ABOUT THIS TASK ->
What you produce should be an exact transcription of the data, minus any pictures.

*** RECORDS FOR THE EXERCISE Section Begins ***

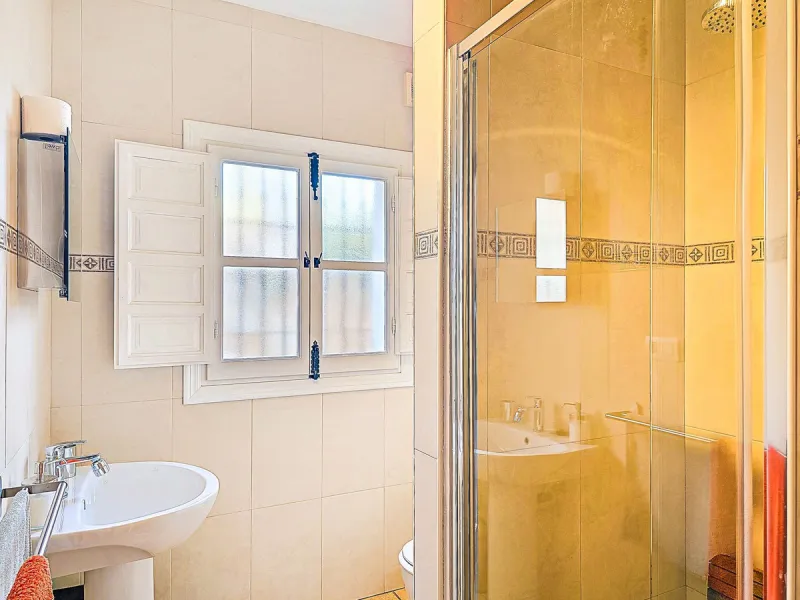 This beautiful modern villa with 5 bedrooms and 3 bathrooms enjoys an enviable elevated position above the charming white village of Cómpeta, offering sweeping views of the Mediterranean Sea, rolling countryside, and the village rooftops below. Stylish, s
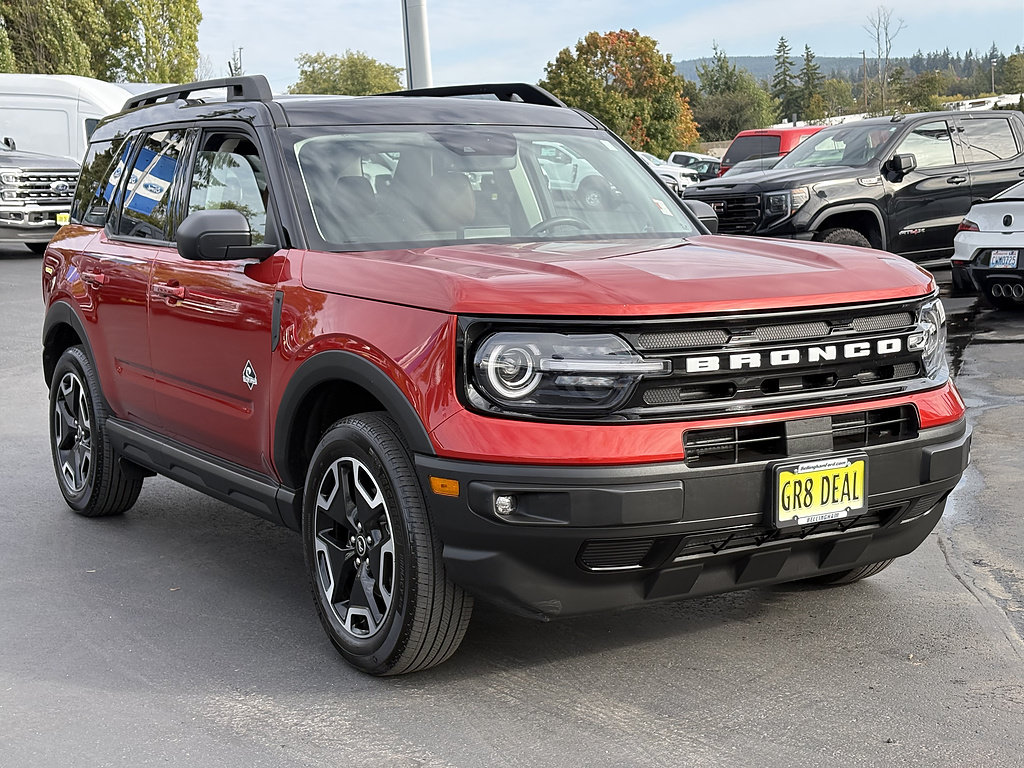 Certified 2023 Ford Bronco Sport Outer Banks w/ Tech Package AWD/4WD image 3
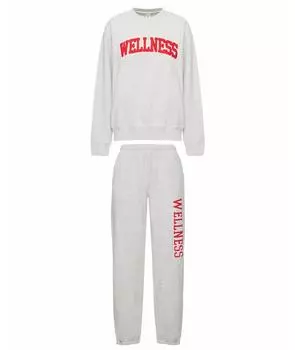 Спортивные костюмы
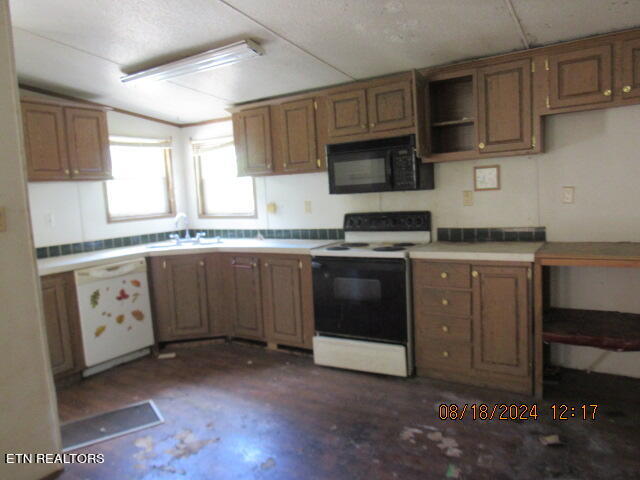 480 Russell Hill Road - Off Rd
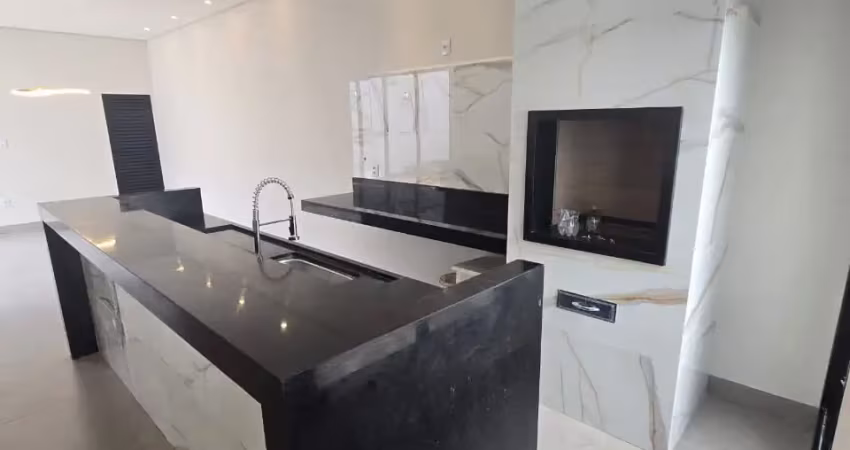 Casa com 3 quartos à venda no Jardim Holanda, Uberlândia 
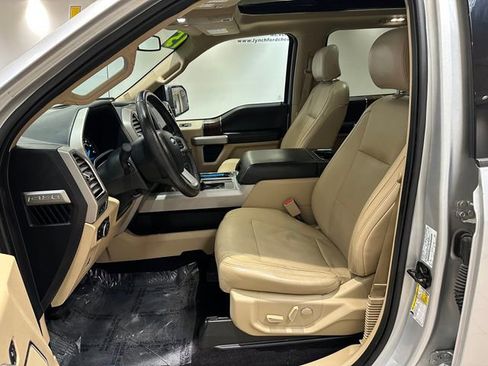 Used 2015 Ford F150 Lariat image 7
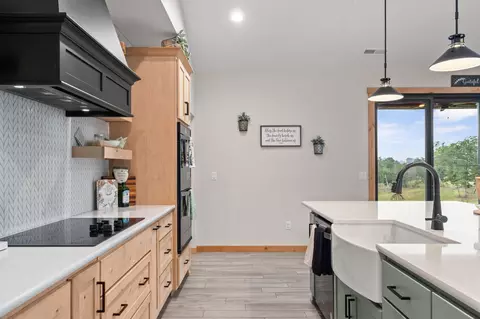 Kitchen - 290 Mckee Dr, Cedarcreek, MO 65627 photo 13 of 16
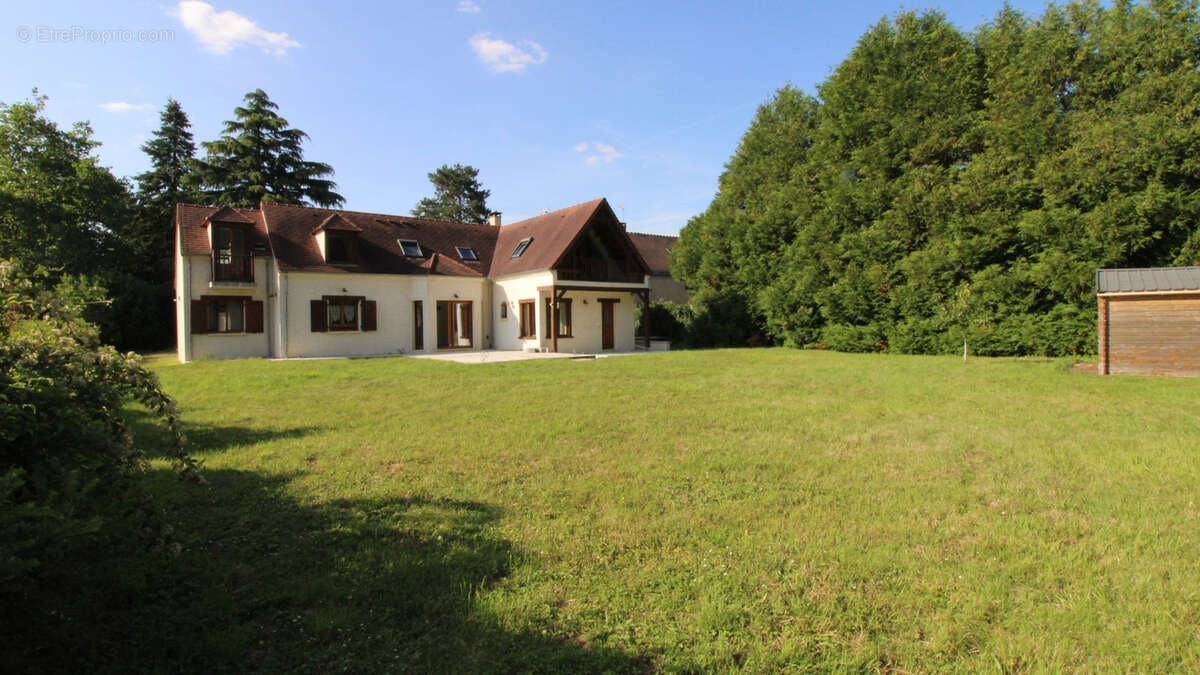 Maison à LA CHAPELLE-FORAINVILLIERS
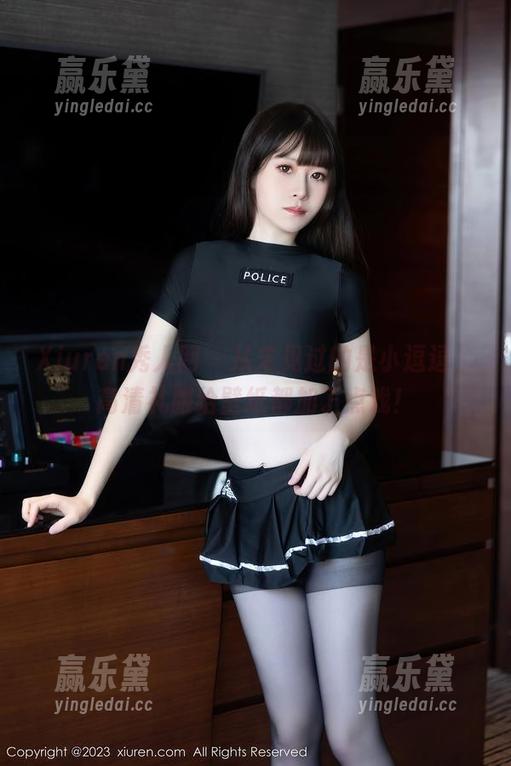 Xiuren秀人网 - 从未见过的是小逗逗，高清礼服给壁纸都加了点戏！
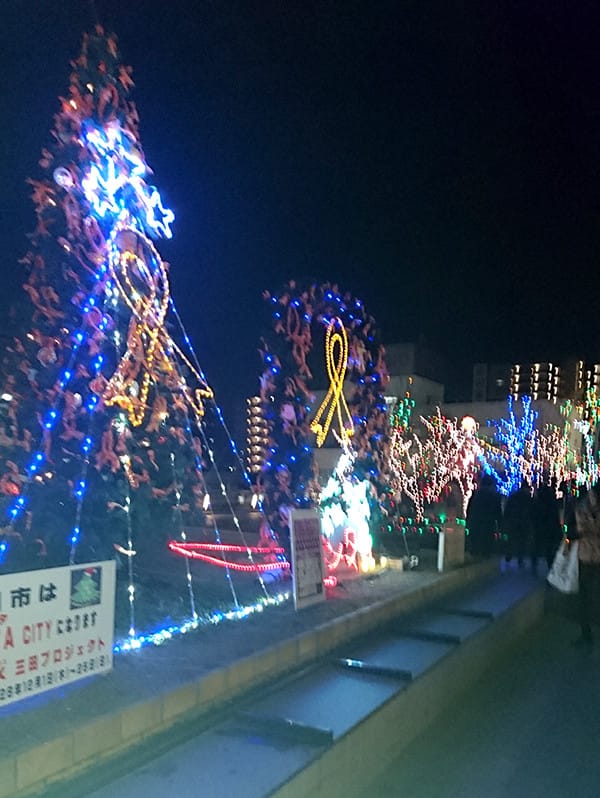 三田駅前を彩るイルミネーションの写真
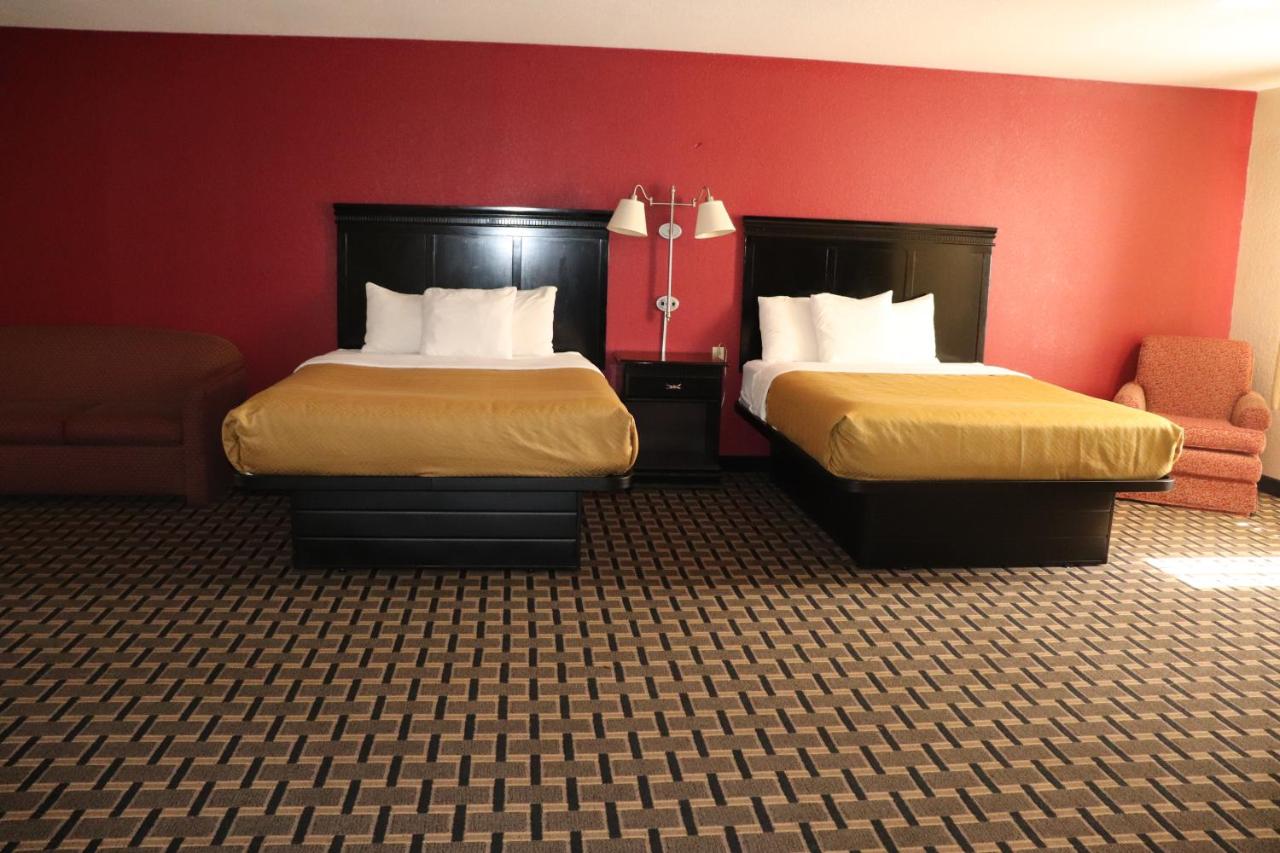 Room #113249523 at Econo Lodge Inn & Suites Wisconsin Dells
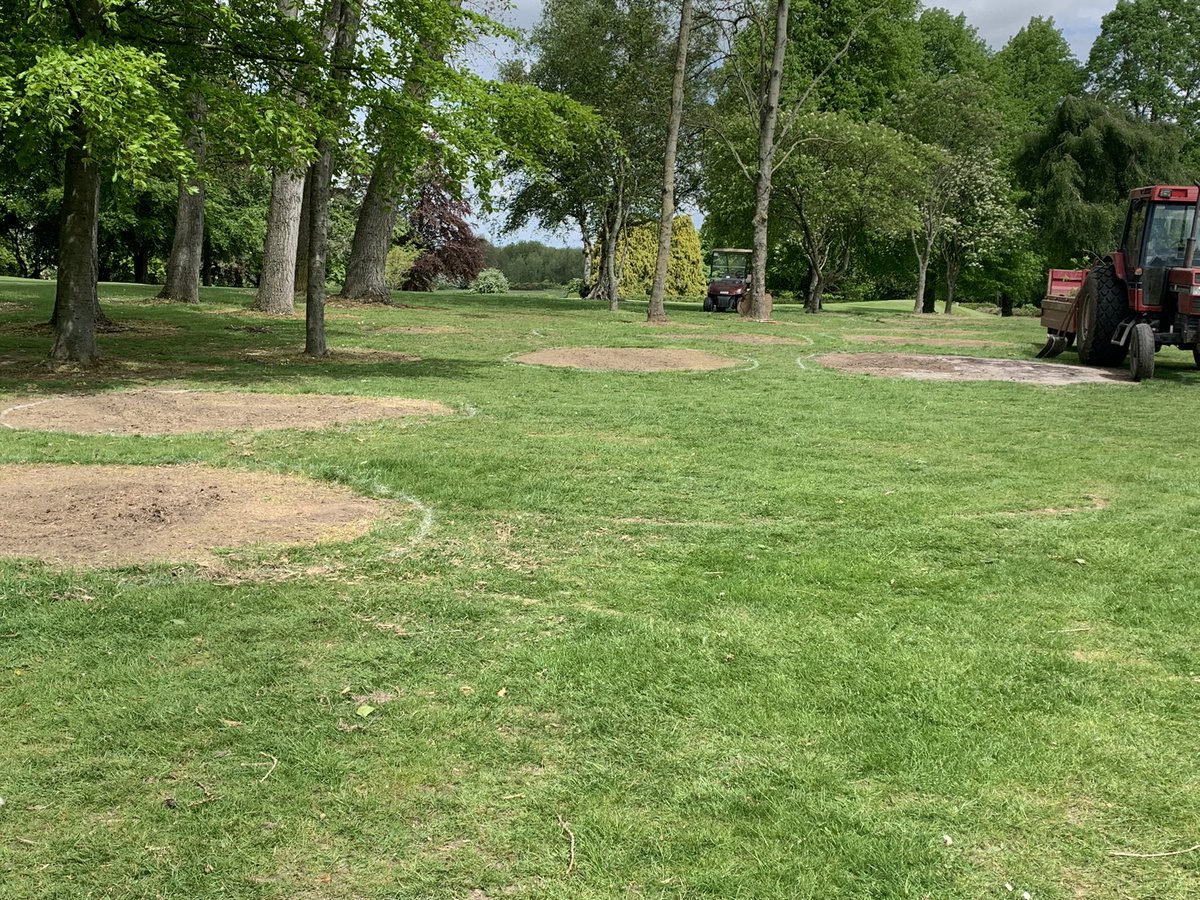 ErewashVGolfC's tweet photo. Huge thanks to Bob Green, Dave Ford and Ian Stewart for clearing the debris from the stumps that were ground out on Spring fairway.

Thank you guys!

#erewashvalleyproud #golf  #ladiesgolf #juniorgolf  #drivingrange  #getintogolf #Girlsgolfrocks  #opencompetitions #seniorsgolf https://t.co/9ARzidKUT1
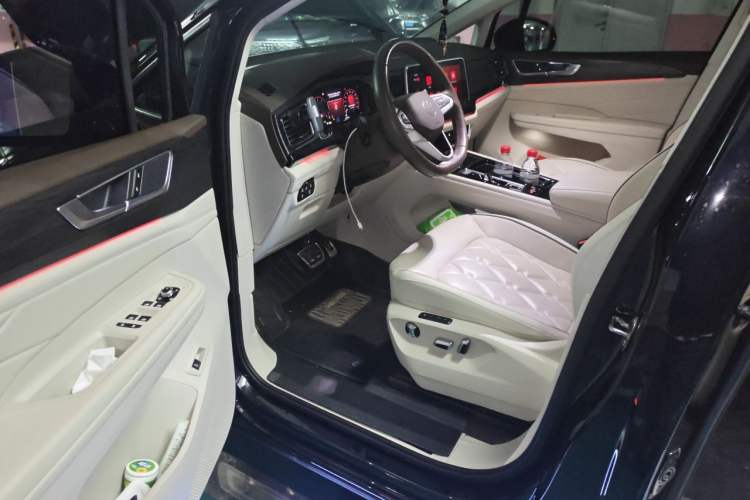 Used Volkswagen Viloran 2022 380TSI Prestige Edition Driver Seat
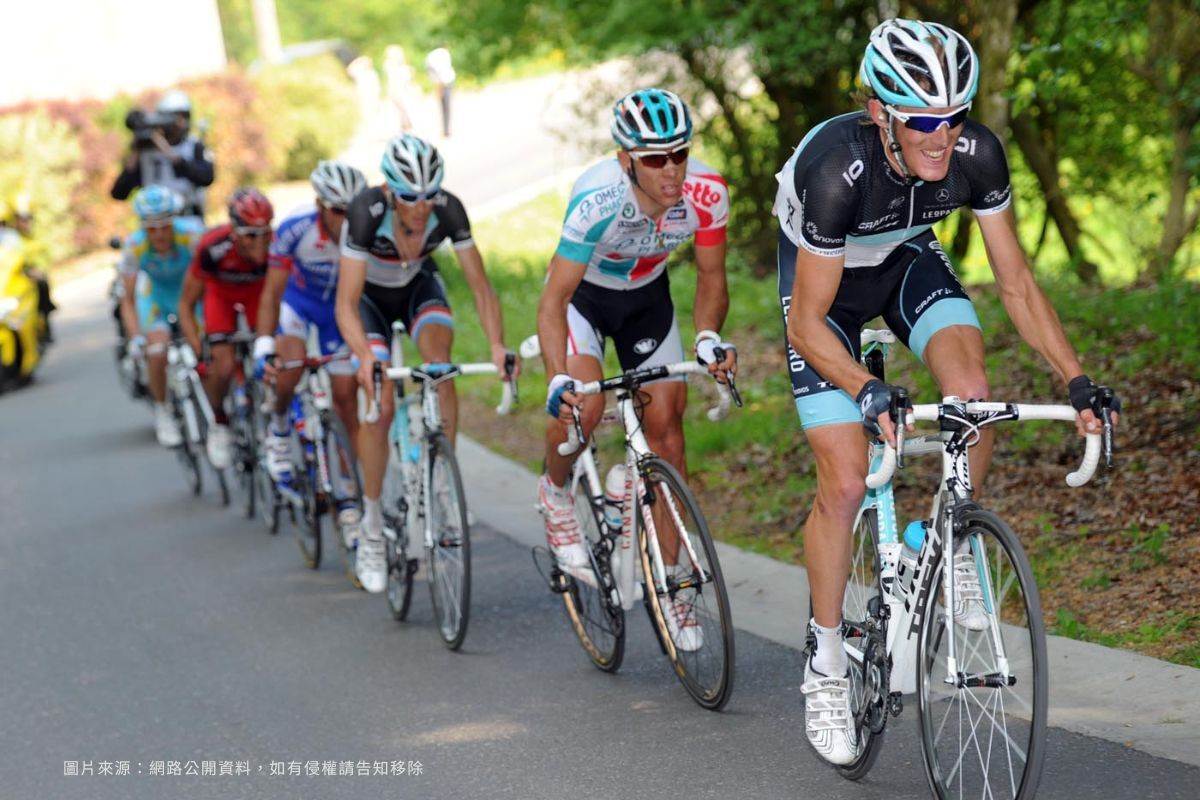 2011 年環法賽場上的核心集團，Andy Schleck、Frank Schleck、Philippe Gilbert 與 Cadel Evans 同場競逐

*** RECORDS FOR THE EXERCISE Section Ends ***

TASK RESULT ->
 This beautiful modern villa with 5 bedrooms and 3 bathrooms enjoys an enviable elevated position above the charming white village of Cómpeta, offering sweeping views of the Mediterranean Sea, rolling countryside, and the village rooftops below. Stylish, s
 Certified 2023 Ford Bronco Sport Outer Banks w/ Tech Package AWD/4WD image 3
 Спортивные костюмы
 480 Russell Hill Road - Off Rd
 Casa com 3 quartos à venda no Jardim Holanda, Uberlândia 
 Used 2015 Ford F150 Lariat image 7
 Kitchen - 290 Mckee Dr, Cedarcreek, MO 65627 photo 13 of 16
 Maison à LA CHAPELLE-FORAINVILLIERS
 Xiuren秀人网 - 从未见过的是小逗逗，高清礼服给壁纸都加了点戏！
 三田駅前を彩るイルミネーションの写真
 Room #113249523 at Econo Lodge Inn & Suites Wisconsin Dells
 ErewashVGolfC's tweet photo. Huge thanks to Bob Green, Dave Ford and Ian Stewart for clearing the debris from the stumps that were ground out on Spring fairway.

Thank you guys!

#erewashvalleyproud #golf  #ladiesgolf #juniorgolf  #drivingrange  #getintogolf #Girlsgolfrocks  #opencompetitions #seniorsgolf https://t.co/9ARzidKUT1
 Used Volkswagen Viloran 2022 380TSI Prestige Edition Driver Seat
 2011 年環法賽場上的核心集團，Andy Schleck、Frank Schleck、Philippe Gilbert 與 Cadel Evans 同場競逐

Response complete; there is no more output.